◆ **GOAL OF THE EXERCISE**: Begin at the line containing "Omnibuses and cabs" in the records below, end at the line containing "a view of a", and retype each line in that span exactly. No other line and no image should appear.

◆ **DATA FOR PROCESSING**:
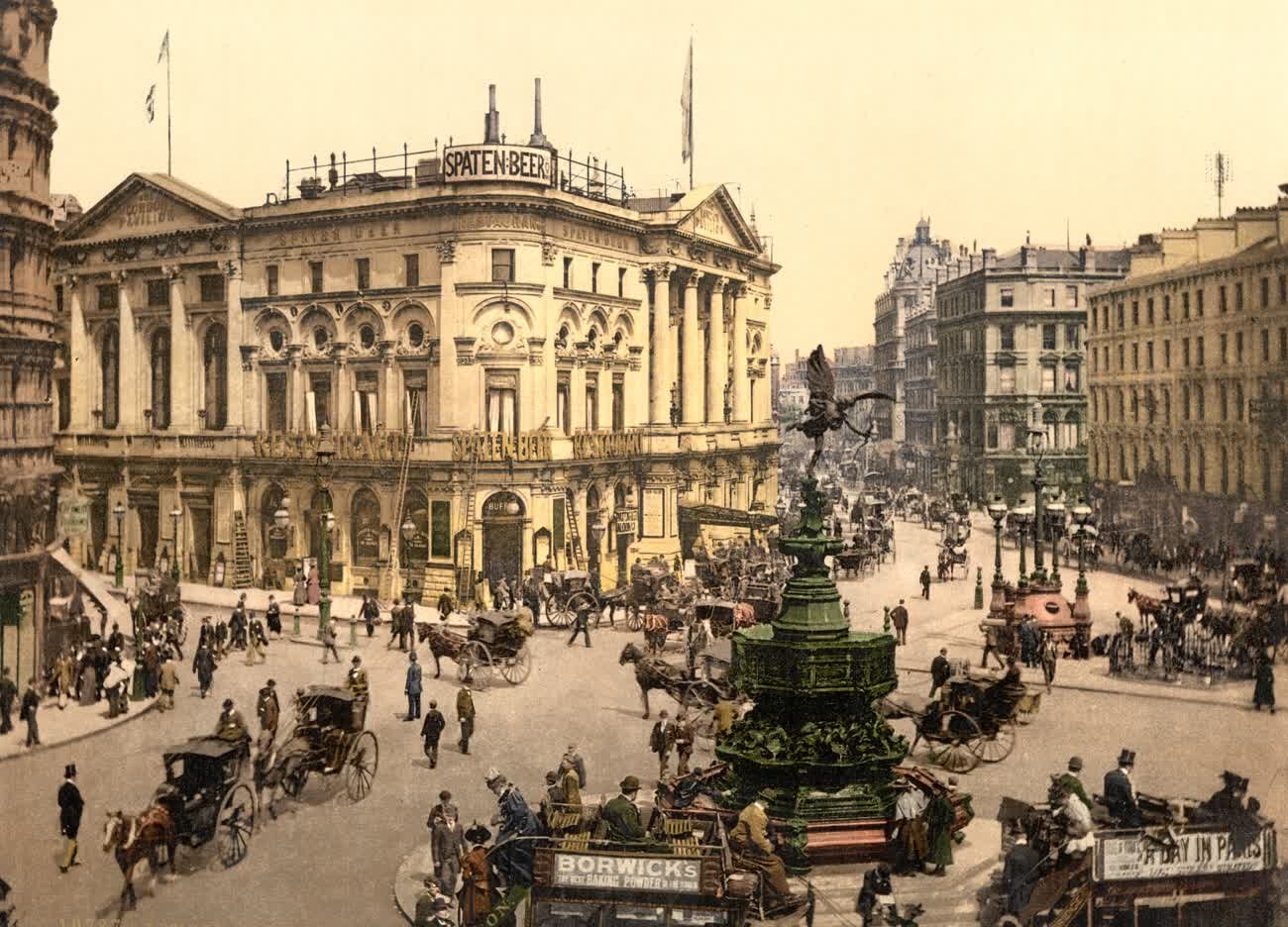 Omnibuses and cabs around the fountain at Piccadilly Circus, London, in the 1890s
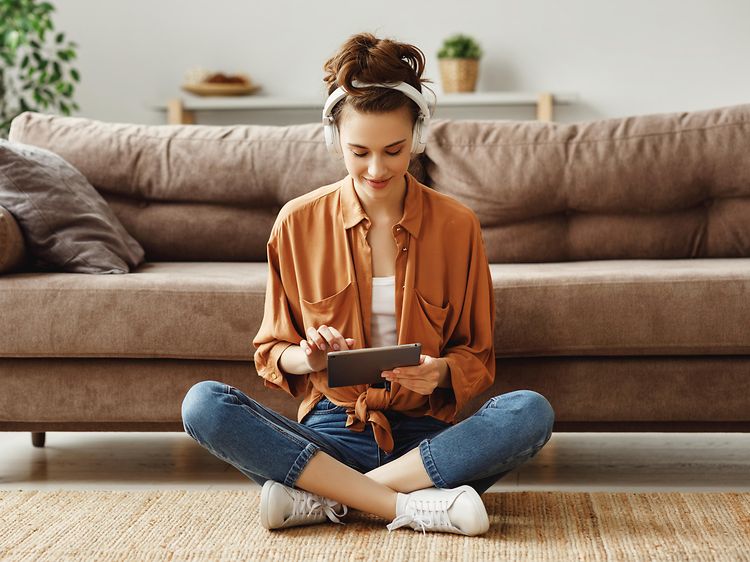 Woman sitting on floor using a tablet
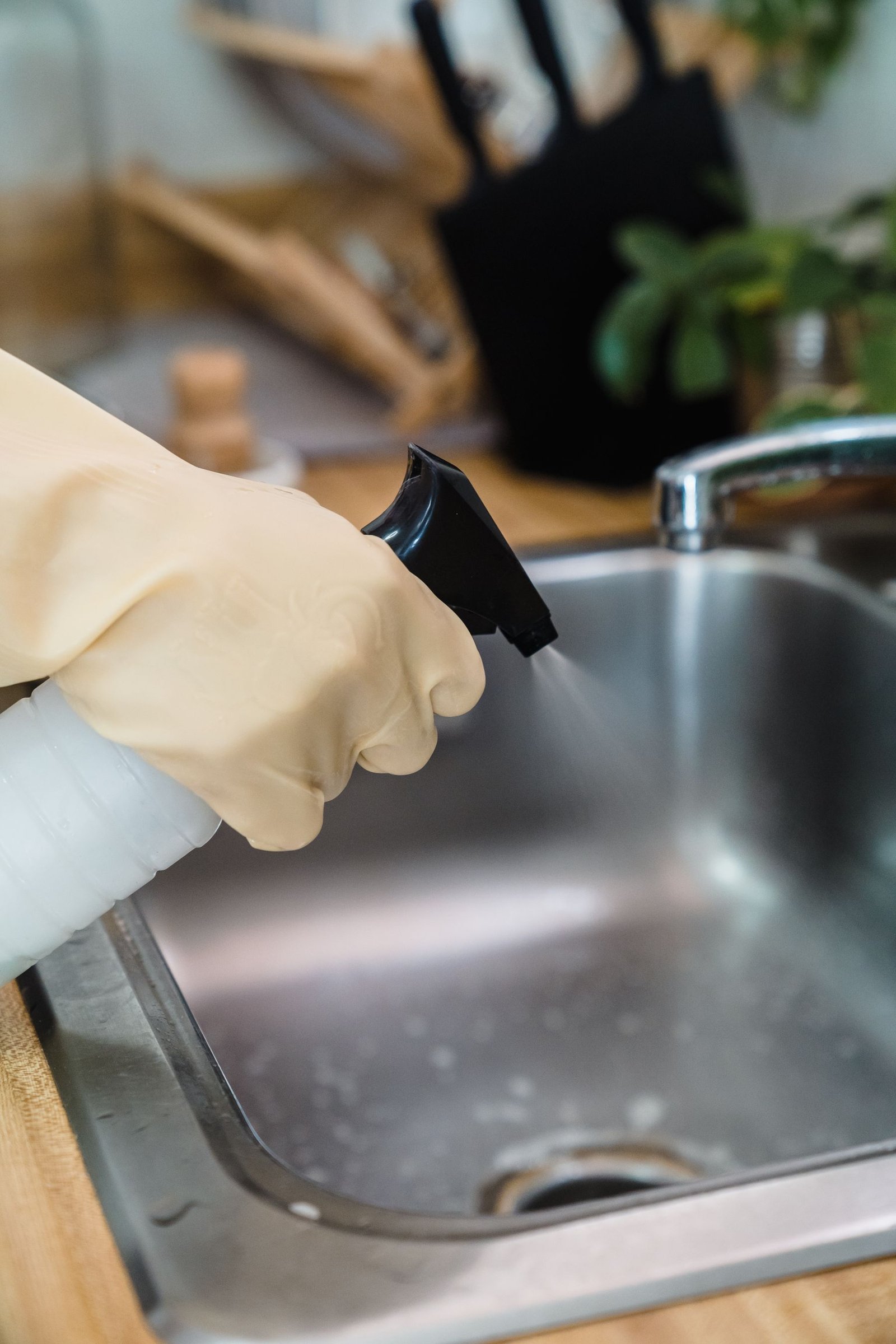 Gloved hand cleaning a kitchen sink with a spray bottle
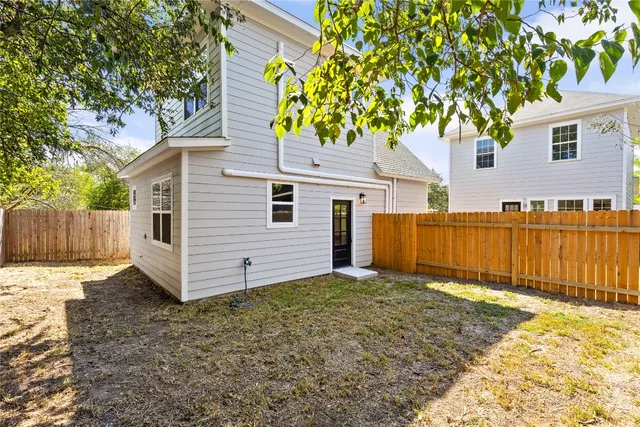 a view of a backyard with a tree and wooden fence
...
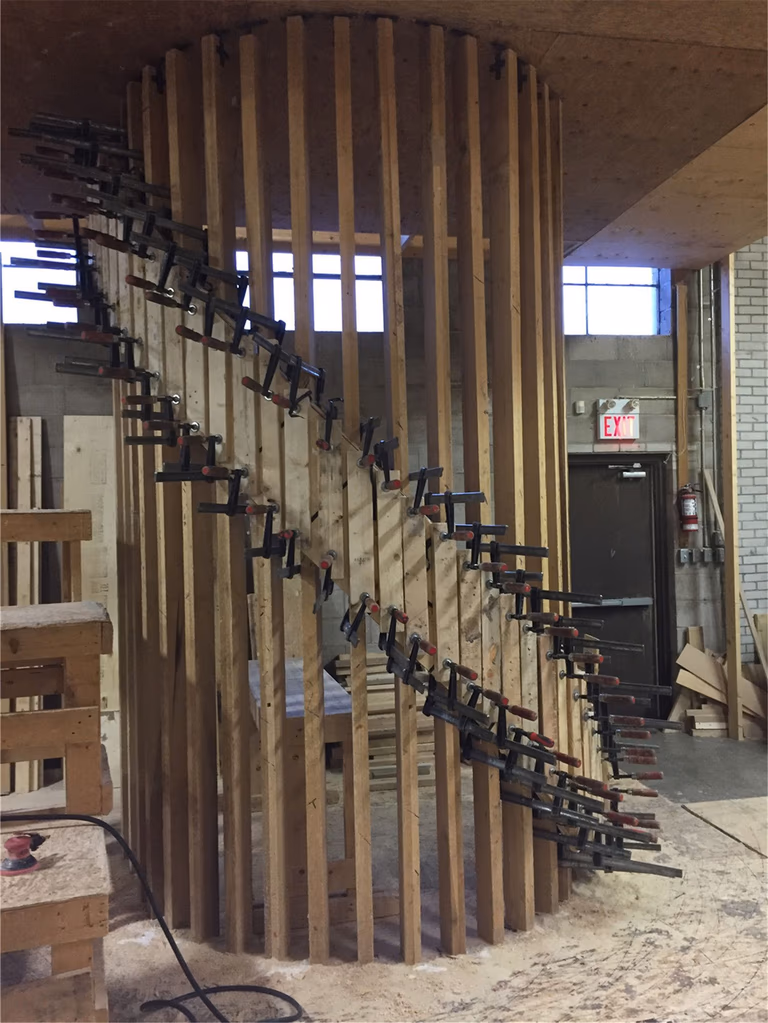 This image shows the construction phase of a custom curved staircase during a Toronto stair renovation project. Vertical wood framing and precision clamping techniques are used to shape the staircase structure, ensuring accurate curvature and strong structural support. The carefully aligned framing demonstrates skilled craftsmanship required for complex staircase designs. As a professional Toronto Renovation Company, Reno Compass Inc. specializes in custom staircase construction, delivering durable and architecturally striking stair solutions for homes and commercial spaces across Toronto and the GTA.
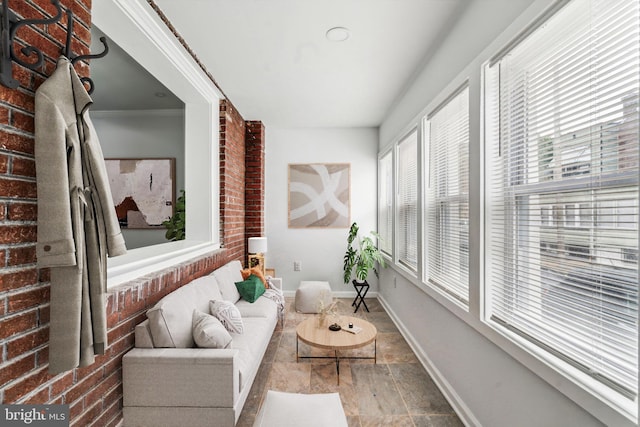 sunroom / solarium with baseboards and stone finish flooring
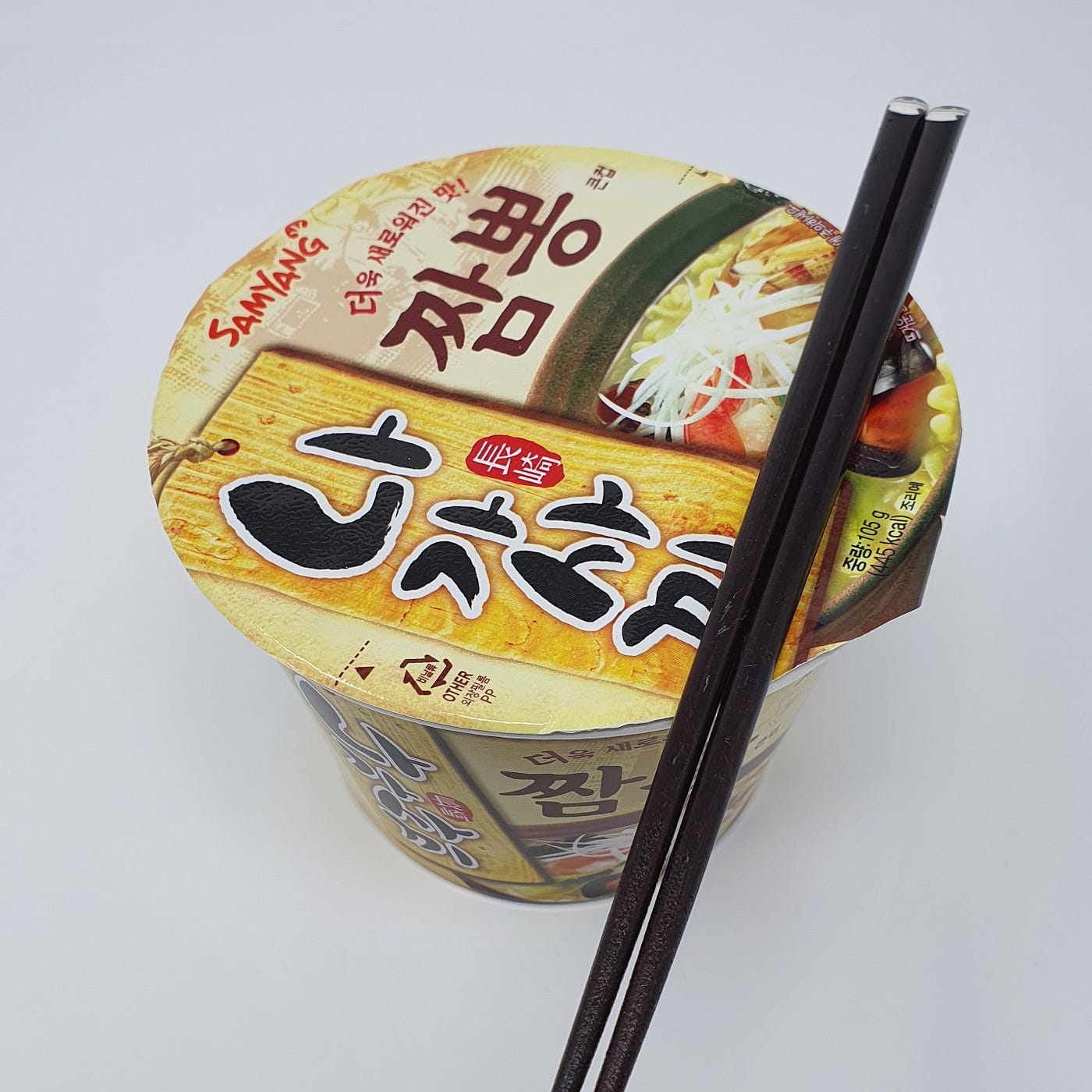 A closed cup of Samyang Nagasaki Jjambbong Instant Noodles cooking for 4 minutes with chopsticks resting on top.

◆ **EXERCISE SOLUTION**:
 Omnibuses and cabs around the fountain at Piccadilly Circus, London, in the 1890s
 Woman sitting on floor using a tablet
 Gloved hand cleaning a kitchen sink with a spray bottle
 a view of a backyard with a tree and wooden fence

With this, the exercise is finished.